■ WORK REQUEST:
Below is some data. Retype exactly the lines starting at the one with "Exigimos que @FiscaliaEcuador" and ending at the one with "トイレ　完成イメージパースです。現況優先です。".
================================
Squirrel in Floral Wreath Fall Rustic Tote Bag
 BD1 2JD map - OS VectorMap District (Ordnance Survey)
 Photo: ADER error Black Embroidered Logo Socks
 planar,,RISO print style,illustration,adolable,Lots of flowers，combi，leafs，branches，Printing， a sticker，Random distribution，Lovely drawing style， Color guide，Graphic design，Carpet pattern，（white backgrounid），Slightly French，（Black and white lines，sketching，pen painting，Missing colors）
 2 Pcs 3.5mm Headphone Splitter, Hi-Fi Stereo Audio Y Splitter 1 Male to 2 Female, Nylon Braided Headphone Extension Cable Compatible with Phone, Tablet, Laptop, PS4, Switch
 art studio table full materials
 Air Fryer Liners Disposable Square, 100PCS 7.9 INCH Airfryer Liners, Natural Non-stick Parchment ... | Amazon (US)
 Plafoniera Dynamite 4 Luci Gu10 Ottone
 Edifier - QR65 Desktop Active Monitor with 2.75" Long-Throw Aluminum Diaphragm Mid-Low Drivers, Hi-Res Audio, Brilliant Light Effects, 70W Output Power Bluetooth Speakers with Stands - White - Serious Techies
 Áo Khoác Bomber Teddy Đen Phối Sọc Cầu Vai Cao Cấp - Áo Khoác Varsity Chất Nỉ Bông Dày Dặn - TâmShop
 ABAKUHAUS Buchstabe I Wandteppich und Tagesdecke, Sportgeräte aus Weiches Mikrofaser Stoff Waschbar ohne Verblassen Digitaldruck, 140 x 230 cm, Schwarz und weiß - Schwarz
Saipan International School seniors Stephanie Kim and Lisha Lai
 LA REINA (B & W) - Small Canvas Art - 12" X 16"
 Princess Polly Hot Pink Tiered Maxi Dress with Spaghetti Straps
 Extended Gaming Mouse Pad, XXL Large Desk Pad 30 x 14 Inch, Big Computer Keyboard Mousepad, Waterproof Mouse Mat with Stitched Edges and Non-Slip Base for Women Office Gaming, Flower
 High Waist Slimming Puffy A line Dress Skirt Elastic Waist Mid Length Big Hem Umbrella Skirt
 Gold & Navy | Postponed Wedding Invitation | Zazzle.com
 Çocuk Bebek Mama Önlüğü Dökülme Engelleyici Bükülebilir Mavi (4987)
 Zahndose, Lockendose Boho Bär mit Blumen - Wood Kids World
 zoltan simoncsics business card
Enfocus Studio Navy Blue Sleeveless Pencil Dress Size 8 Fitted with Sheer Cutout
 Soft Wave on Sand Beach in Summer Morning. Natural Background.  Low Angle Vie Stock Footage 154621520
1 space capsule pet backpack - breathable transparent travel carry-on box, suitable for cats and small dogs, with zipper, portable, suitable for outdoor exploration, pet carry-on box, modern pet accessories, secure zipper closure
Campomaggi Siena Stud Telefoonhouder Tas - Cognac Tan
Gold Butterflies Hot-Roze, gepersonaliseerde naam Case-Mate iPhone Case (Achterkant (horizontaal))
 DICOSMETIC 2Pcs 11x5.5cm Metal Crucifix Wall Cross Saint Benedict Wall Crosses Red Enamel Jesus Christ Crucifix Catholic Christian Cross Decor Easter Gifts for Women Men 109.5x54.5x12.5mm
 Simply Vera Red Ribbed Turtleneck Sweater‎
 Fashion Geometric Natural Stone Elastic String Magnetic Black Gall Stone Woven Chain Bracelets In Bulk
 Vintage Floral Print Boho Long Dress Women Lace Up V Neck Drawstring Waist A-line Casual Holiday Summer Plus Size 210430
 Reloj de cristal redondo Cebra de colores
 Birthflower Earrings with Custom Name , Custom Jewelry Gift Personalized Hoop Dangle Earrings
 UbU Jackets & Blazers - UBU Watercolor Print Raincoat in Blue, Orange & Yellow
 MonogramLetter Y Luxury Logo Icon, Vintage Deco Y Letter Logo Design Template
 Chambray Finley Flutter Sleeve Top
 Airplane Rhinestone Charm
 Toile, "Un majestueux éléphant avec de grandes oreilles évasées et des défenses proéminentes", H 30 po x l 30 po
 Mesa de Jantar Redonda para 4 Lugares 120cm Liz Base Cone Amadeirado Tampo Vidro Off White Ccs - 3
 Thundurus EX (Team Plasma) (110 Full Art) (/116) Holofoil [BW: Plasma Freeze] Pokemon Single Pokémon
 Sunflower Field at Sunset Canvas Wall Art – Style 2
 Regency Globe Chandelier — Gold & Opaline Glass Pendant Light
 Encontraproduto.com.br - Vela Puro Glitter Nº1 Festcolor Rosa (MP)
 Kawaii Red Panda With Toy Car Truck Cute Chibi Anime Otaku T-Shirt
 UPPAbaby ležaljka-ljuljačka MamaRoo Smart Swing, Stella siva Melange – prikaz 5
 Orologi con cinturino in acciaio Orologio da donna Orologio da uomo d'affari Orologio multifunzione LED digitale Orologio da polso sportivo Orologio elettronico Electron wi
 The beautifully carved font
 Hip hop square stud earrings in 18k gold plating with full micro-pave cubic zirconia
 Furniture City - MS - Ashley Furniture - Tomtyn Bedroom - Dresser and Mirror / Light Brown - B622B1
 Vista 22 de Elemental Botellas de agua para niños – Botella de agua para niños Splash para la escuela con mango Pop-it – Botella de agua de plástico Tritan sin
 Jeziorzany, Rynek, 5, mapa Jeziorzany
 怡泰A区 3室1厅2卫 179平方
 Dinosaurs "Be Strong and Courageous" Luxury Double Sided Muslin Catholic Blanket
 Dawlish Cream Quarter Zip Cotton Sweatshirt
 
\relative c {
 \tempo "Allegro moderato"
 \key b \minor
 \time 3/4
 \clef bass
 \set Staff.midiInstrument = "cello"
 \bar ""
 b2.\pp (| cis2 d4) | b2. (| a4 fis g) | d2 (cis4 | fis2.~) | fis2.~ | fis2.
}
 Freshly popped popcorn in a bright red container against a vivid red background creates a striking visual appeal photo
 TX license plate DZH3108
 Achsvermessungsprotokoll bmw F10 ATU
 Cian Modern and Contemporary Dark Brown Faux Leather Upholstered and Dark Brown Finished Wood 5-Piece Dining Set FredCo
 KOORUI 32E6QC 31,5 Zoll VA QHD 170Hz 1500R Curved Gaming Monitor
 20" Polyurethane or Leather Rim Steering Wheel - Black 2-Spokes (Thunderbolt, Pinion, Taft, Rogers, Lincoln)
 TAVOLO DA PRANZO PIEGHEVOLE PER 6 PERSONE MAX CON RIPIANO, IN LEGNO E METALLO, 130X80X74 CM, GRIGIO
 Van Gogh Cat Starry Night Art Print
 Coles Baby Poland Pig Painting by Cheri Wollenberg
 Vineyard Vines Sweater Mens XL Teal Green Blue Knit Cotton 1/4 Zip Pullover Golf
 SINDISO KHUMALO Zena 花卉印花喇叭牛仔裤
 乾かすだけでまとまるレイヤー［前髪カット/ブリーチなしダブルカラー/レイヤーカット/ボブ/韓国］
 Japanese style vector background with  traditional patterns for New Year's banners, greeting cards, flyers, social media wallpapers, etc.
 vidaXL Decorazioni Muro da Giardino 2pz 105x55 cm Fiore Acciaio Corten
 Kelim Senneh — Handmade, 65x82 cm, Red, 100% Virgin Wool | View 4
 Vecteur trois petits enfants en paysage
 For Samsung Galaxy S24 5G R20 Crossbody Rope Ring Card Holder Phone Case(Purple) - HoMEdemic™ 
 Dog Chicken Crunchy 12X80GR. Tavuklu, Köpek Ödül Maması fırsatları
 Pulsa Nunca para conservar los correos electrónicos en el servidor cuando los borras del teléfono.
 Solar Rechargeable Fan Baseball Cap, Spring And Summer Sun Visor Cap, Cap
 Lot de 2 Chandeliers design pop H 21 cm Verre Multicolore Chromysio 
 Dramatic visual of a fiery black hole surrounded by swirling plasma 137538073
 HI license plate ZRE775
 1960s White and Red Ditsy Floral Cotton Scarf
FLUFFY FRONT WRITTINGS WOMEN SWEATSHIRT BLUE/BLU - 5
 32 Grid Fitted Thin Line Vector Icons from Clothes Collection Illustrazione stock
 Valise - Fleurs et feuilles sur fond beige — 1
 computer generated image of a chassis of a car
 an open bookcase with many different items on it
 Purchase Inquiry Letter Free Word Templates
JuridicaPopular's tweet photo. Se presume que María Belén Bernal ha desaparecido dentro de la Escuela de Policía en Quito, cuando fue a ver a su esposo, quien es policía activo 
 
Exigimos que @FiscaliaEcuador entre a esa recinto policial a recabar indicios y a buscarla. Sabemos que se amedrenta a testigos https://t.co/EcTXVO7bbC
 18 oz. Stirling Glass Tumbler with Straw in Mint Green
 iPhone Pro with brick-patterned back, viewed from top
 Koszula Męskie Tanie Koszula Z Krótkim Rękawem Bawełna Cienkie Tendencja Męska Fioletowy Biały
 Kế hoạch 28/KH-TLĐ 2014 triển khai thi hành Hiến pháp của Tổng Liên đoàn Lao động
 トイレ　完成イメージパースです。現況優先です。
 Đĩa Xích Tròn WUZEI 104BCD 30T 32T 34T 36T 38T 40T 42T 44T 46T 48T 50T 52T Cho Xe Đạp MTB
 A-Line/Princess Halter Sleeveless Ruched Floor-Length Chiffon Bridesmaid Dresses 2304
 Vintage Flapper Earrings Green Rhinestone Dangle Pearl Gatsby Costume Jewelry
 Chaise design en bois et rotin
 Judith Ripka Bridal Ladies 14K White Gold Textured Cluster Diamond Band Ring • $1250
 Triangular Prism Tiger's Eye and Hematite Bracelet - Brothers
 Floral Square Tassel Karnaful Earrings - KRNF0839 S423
================================
■ TASK RESULT:
Exigimos que @FiscaliaEcuador entre a esa recinto policial a recabar indicios y a buscarla. Sabemos que se amedrenta a testigos https://t.co/EcTXVO7bbC
 18 oz. Stirling Glass Tumbler with Straw in Mint Green
 iPhone Pro with brick-patterned back, viewed from top
 Koszula Męskie Tanie Koszula Z Krótkim Rękawem Bawełna Cienkie Tendencja Męska Fioletowy Biały
 Kế hoạch 28/KH-TLĐ 2014 triển khai thi hành Hiến pháp của Tổng Liên đoàn Lao động
 トイレ　完成イメージパースです。現況優先です。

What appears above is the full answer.